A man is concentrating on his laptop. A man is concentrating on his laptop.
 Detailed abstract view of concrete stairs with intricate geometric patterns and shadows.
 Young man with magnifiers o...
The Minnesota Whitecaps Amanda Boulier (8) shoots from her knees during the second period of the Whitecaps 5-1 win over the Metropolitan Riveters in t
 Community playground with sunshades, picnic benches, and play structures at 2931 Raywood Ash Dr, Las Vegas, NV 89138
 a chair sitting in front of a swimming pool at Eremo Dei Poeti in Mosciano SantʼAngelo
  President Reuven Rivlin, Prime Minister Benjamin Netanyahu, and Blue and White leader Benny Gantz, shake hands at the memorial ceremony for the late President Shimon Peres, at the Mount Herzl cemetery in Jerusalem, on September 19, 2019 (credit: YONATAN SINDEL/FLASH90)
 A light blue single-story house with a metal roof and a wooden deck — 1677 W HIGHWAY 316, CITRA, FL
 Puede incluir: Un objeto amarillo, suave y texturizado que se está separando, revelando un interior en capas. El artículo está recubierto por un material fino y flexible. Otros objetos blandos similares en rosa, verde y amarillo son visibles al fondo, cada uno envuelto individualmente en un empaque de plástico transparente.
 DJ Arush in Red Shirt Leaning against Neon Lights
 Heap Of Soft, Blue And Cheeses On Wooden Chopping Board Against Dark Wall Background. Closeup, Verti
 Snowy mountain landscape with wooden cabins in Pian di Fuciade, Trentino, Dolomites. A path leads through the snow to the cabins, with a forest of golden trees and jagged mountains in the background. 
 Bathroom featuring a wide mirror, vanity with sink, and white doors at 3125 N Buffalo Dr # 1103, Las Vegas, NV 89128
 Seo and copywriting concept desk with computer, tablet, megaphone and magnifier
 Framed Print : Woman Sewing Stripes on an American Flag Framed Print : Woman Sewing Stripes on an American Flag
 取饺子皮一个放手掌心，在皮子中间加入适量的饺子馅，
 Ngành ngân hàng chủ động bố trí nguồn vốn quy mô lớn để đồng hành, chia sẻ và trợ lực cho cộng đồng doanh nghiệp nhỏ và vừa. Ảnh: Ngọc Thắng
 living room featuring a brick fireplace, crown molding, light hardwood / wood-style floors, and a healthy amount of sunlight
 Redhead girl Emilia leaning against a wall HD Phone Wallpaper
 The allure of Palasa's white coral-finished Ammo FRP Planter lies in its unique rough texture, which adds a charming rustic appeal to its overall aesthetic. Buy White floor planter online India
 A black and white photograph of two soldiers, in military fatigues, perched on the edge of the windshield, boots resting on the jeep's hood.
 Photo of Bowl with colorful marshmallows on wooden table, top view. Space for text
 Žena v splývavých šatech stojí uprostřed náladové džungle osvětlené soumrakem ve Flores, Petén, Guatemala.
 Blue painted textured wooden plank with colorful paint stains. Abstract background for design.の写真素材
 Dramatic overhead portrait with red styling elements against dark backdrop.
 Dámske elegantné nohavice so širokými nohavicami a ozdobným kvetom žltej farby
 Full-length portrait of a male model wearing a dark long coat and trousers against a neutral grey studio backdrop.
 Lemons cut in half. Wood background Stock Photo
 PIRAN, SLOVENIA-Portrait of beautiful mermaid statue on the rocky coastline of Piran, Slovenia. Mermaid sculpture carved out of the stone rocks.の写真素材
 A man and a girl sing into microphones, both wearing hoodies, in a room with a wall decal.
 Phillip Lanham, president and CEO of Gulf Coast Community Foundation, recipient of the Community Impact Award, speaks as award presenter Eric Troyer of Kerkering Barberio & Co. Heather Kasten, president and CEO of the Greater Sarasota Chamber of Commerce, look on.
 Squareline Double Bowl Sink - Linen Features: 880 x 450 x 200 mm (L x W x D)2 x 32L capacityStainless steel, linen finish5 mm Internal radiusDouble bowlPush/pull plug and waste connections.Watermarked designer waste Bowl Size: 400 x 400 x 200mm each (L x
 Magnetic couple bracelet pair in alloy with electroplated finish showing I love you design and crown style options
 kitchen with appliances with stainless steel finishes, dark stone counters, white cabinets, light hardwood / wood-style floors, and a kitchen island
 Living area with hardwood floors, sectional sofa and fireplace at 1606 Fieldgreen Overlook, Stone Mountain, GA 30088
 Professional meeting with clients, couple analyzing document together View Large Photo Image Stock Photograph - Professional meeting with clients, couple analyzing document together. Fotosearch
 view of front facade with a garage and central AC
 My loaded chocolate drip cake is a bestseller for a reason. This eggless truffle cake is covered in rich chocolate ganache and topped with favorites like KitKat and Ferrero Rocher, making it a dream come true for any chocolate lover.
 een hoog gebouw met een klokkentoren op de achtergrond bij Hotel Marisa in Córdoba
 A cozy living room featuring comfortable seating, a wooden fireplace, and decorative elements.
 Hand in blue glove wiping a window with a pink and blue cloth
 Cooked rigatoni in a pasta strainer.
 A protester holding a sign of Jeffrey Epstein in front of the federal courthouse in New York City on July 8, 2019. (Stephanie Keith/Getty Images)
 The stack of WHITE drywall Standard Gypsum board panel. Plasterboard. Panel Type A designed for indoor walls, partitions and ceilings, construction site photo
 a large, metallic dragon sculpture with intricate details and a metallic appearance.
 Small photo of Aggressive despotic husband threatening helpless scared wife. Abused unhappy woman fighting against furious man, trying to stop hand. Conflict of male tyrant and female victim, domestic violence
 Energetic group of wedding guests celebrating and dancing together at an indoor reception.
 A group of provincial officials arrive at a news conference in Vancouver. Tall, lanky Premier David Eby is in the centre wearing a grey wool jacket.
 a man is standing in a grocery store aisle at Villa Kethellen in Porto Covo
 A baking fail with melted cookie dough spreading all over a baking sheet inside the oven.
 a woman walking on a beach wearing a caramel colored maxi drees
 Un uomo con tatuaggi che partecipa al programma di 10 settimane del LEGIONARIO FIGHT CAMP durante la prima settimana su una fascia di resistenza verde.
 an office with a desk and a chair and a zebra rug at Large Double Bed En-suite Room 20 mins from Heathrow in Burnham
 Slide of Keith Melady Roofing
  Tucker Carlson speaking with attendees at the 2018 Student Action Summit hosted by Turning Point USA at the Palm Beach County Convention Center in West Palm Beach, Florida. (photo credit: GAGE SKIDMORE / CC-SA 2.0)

========================

[EXERCISE GOAL] From the first line of the listing above through the line that contains "The Minnesota Whitecaps", retype every line exactly, and write nothing else.

[EXERCISE RESPONSE]
A man is concentrating on his laptop. A man is concentrating on his laptop.
 Detailed abstract view of concrete stairs with intricate geometric patterns and shadows.
 Young man with magnifiers o...
The Minnesota Whitecaps Amanda Boulier (8) shoots from her knees during the second period of the Whitecaps 5-1 win over the Metropolitan Riveters in t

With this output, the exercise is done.